I'm sure they've just endorsed this completely.
Go on.
Remember, we're gonna be short 91,000 doctors.
All right, so we gotta get them to embrace this.
We have to get them to utilize this technology to leverage themselves, to make more efficient use of themselves where physicians or human carbon-based life doctors can be of greater use than an artificial intelligence.
So anyway, we've been discussing and debating this and we come up with this idea of a tri-quarter which conceptually would integrate a number of technologies, artificial intelligence, which might be on the cloud.
The internet cloud.
The total access.
Lab on a chip technology, small chips that have microfluidics, the ability to move very small amounts of fluid and do an RNA or DNA analysis of a bacterium, a pathogen, if you would, or do your blood chemistries.
Digital imagery that could look at your skin and say that's a melanoma or something along those lines.
So you could imagine technology being integrated together to be able to analyze what's going on with a person.
So I had a chance to meet Paul Jacobs, the chairman, CEO of Qualcomm Foundation, and over lunch, pitched him on the idea and he said, let's do it.
And less than four months later, he and I were on stage at the Consumer Electronics Show, CES, the largest show in Las Vegas, announcing the $10 million Qualcomm Tri-Quarter XPrize.
Bigger than the porn show that they have there?
I don't know about that, but it does take place at the same time.

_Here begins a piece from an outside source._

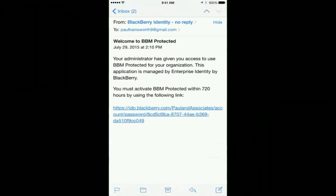Note that the link will expire within 30 days. If it expires, you can ask your corporate administrator to reset the invitation.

Sorry, you had the triple XPrize.
So the Qualcomm Foundation put up 10 million bucks and this Qualcomm Tri-Quarter XPrize is challenging teams to build a device that an average consumer can use, that you can cough on, that you can talk to, that you can do a finger blood prick to, and it can diagnose you better than a team of board certified doctors.
And here's the cool thing, six months after we announced this in Las Vegas at CES, we have 230 teams from 30 countries around the world.
It's extraordinary how many people have come to this.
Star Trek is now.
Yes.
Got everything but the Klingons.
I love it and I can't wait for them to show up and whip us in this shape.
And I think they should give a special prize for which device has the coolest sound.
Exactly, because it's got to make that whoa, whoa, whoa.
Otherwise it's not working.
It's not working.
Tell you the light.
The light and everything.
Tell me about it.
So yeah, I'm loving this X-Prize stuff and I'm going to try to maybe get Peter back on and find out what the latest stuff is on this because it's going daily and it could transform how we live.
He's very visionary, I have to say.
It is really to take competition and make it work for good.
Like he said, we're all competition based.
And at the end of the day, it's capitalist.
I mean, that'll work right here in America.
Yeah.
Somebody's going to be making money on it.
Absolutely.
Let that be the case.
Cool, you've been listening to StarTalk Radio.
We got to bring this one to a close.
Chuck, thanks for being here with me as always.
Always a pleasure.
You've been listening to StarTalk Radio.
I'm Neil deGrasse Tyson, as always, bidding you to keep looking up.